_TASK TO CARRY OUT_:
The line containing "影响力发型连锁(新洲店) map" marks the start; extract exactly from it through the last line of the entries, and omit any pictures.

++++ PROVIDED DATA

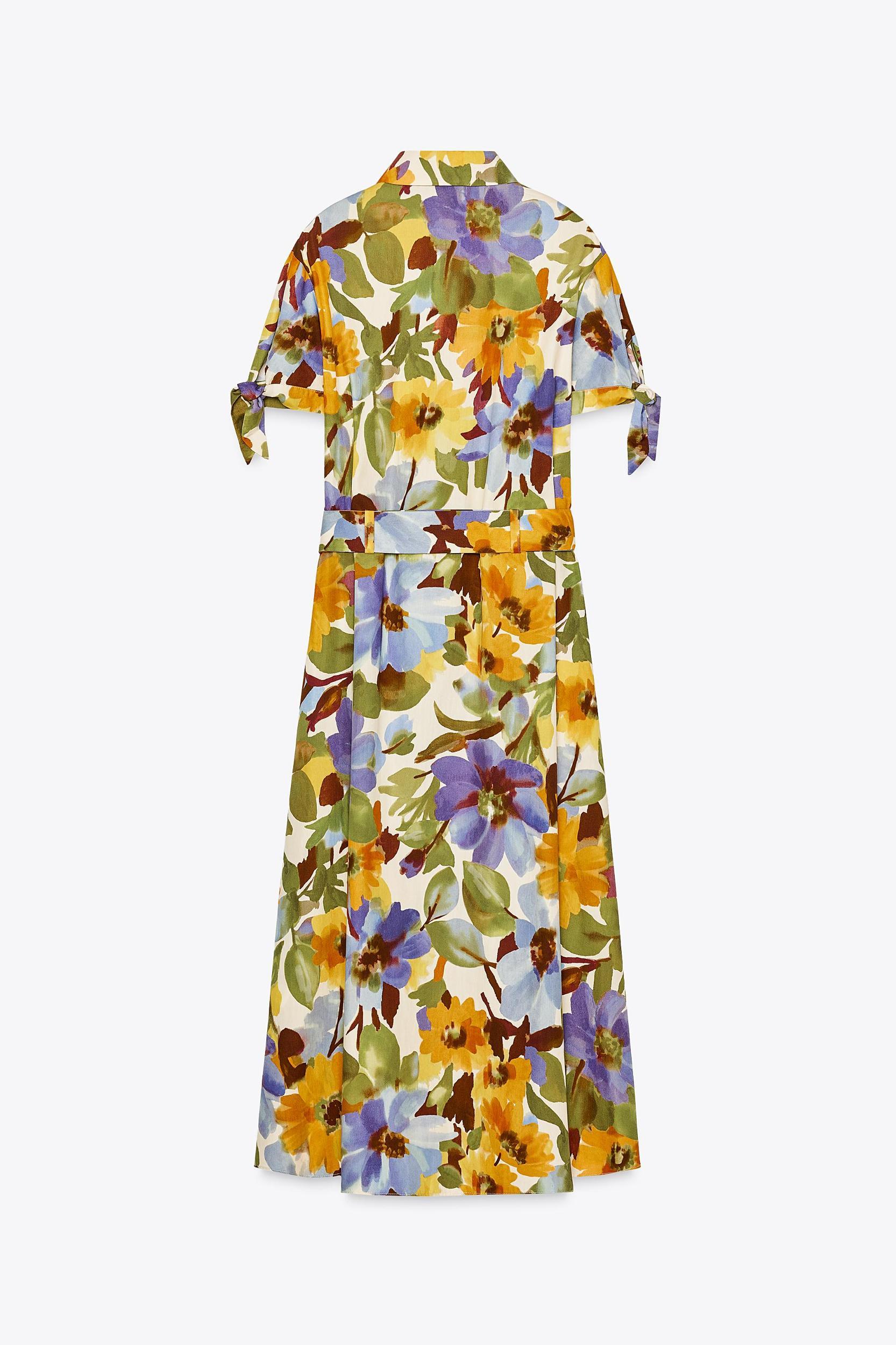 PRINTED POPLIN MIDI DRESS Product Image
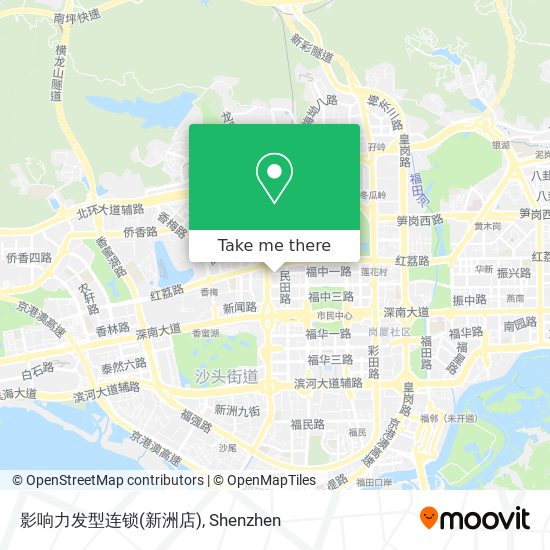 影响力发型连锁(新洲店) map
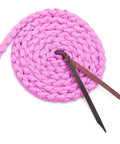 Pink braided mule tape lead rope for horse halter, part of Braided Mule Tape Horse Halter With 10 Foot Lead Rope Full Size Adjustable Knot Halter For Horses 750 To 1200 Lb Equestrian Training Tack For Riding Trail Western Barn Stable Pink set.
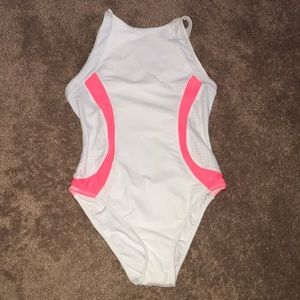 White one piece bathing suit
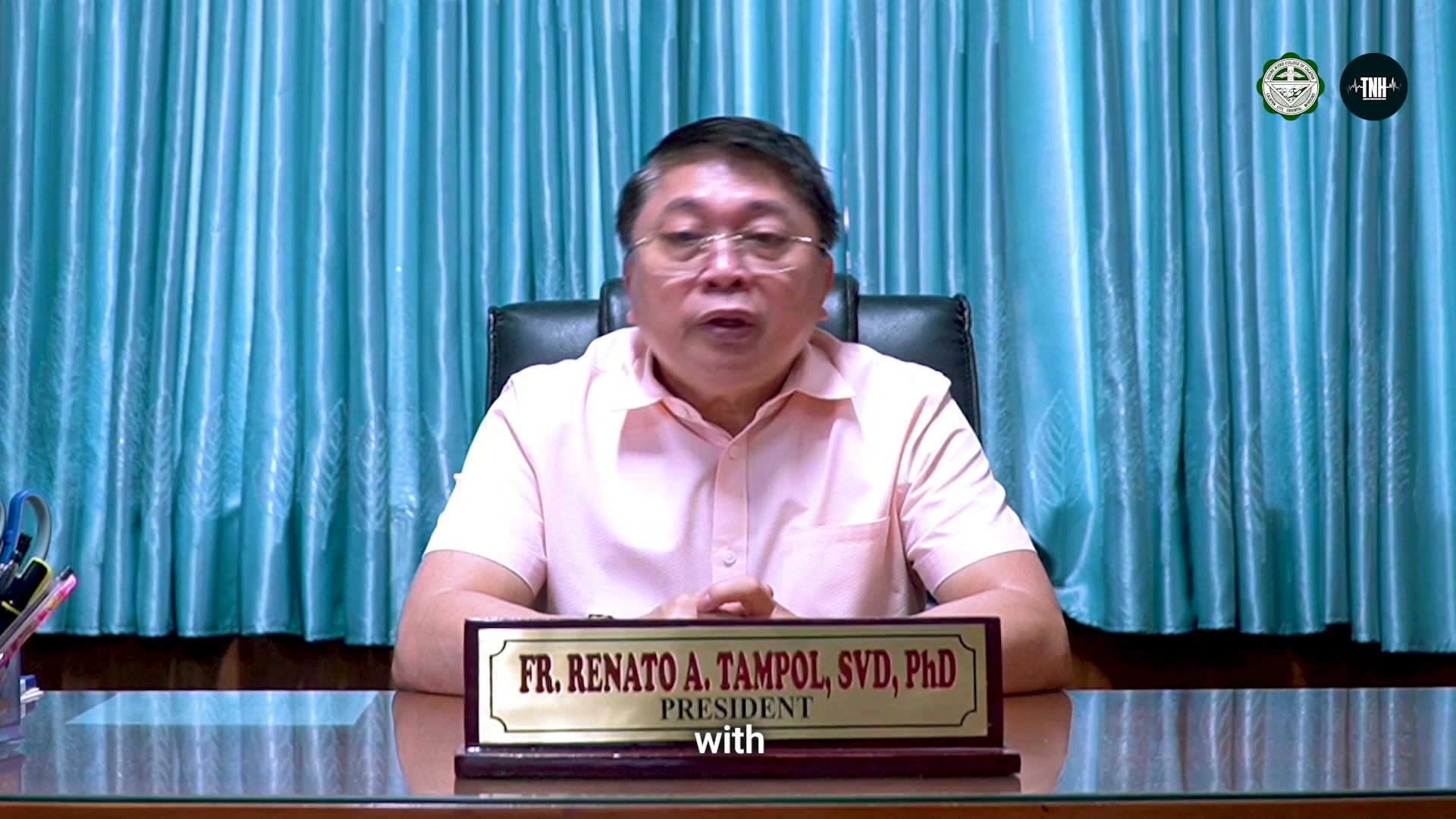 𝐖𝐀𝐓𝐂𝐇: DWCC President, Fr. Renato A. Tampol, SVD, PhD, delivers a ...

++++++++

_FINAL ANSWER_:
 影响力发型连锁(新洲店) map
 Pink braided mule tape lead rope for horse halter, part of Braided Mule Tape Horse Halter With 10 Foot Lead Rope Full Size Adjustable Knot Halter For Horses 750 To 1200 Lb Equestrian Training Tack For Riding Trail Western Barn Stable Pink set.
 White one piece bathing suit
 𝐖𝐀𝐓𝐂𝐇: DWCC President, Fr. Renato A. Tampol, SVD, PhD, delivers a ...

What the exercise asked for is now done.